By: N. Peter Kramer - Posted: Friday, September 15, 2006

The European Union is in a worrying state
The European Union is in a worrying state

The ‘NO’ votes to the Constitutional Treaty in France and The Netherlands in 2005 plunged the EU into crisis. After the defeat, President Jacques Chirac sacked his European Affairs Minister, Claudie Haignerι, and appointed his spokesperson Catherine Colonna in the vacancy.

A year later, the political malaise in Europe is still not over. Ms. Colonna shows a strongly pessimistic view of the European Union: ,The functioning of the union, and more generally the state of the union, appears worrying to me. The European Union is suffering from a sort of illness of apathy, from general fatigue, which not promises well for its future capacity to respond to the need of the European citizens’.

She said: ‘Nobody can understand why the Europeans are unable to help one another in an organised way in fighting forest fires or, something completely different, in coordinating the evacuations of their nationals from Lebanon’. These remarks of Ms. Colonna came a day after President Chirac’s criticising Europe’s foreign policy for its failure to response to the Lebanon crisis.
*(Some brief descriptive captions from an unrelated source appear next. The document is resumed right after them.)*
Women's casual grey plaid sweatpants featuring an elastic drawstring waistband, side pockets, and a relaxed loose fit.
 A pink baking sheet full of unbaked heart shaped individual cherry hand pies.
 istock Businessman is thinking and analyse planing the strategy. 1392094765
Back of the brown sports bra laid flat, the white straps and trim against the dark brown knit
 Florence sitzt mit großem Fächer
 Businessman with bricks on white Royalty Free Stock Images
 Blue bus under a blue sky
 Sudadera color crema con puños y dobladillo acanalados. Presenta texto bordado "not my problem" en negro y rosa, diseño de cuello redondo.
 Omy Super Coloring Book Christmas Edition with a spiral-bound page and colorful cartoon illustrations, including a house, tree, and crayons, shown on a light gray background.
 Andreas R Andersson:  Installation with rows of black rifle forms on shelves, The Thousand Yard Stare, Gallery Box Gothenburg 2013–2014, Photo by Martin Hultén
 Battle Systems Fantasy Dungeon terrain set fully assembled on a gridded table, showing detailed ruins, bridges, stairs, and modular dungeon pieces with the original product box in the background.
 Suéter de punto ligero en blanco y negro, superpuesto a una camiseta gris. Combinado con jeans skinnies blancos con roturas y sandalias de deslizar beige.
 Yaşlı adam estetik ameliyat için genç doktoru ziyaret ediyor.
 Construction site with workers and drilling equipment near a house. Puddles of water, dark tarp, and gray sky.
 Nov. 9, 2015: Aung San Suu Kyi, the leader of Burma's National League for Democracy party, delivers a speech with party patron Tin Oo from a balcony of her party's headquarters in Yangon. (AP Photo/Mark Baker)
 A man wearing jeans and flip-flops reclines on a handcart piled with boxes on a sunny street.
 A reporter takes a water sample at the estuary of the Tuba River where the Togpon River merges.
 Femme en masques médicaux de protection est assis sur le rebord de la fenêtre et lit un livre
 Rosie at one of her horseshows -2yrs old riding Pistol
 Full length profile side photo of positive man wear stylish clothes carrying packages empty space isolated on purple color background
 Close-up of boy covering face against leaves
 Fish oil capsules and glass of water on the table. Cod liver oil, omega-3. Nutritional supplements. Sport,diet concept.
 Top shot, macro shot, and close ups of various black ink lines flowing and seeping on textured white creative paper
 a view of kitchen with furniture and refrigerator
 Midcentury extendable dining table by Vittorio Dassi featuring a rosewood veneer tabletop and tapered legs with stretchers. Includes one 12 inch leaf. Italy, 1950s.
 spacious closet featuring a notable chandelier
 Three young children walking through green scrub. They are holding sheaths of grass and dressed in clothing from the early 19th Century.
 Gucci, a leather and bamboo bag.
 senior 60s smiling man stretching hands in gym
Three reasons for EU in malaise

The European Affairs Minister suggested three main reasons for the current situation. The first is the enlargement of the EU with the former communist countries in central and eastern Europe. This has ‘profoundly changed the nature of the European project’, she said, ‘but the member states continue to pretend that the same European project is being pursued, only with more countries’. She continued saying, that ‘governments badly explained the 2004 Enlargement to the public and thus it is not accepted. Let’s face it: there is uncertainty about the limits of the EU and there is resistance to future enlargement, in particular Turkey, in some countries’.

Another reason according to Catherine Colonna is the fear of the EU citizens of economic and social pressure from globalisation. ‘But’, the minister said, ‘the EU should be a space of economic and social development which offers an added efficacy on top of what the member states can offer. The EU should help citizens to make the most of globalisation and -if necessary- the EU has to be a protection for them’.

The third reason according to Ms. Colonna is ‘the attraction deficit’ the EU is suffering from in the eyes of its citizens. There is a lack of delivery: ‘The Europe of results is in need of results’. She cited the services directive, which was first proposed in the beginning of 2004, as an example of how slow the legislative process can be.

The risk of the EU collapsing

‘Can the European Union carry on at this pace for long? Can Europe even take crucial decisions any more? There is practically no problem that arises that does not result in people turning towards Europe to see what it can do to resolve it’, the minister said before concluding: ‘We need a more fundamental start, if we are to avoid the risk of the European Union collapsing’.

Her warning came just a day after President Chirac told, that ‘the future of the European project is predicated on Europe’s ability to be a leading political player’.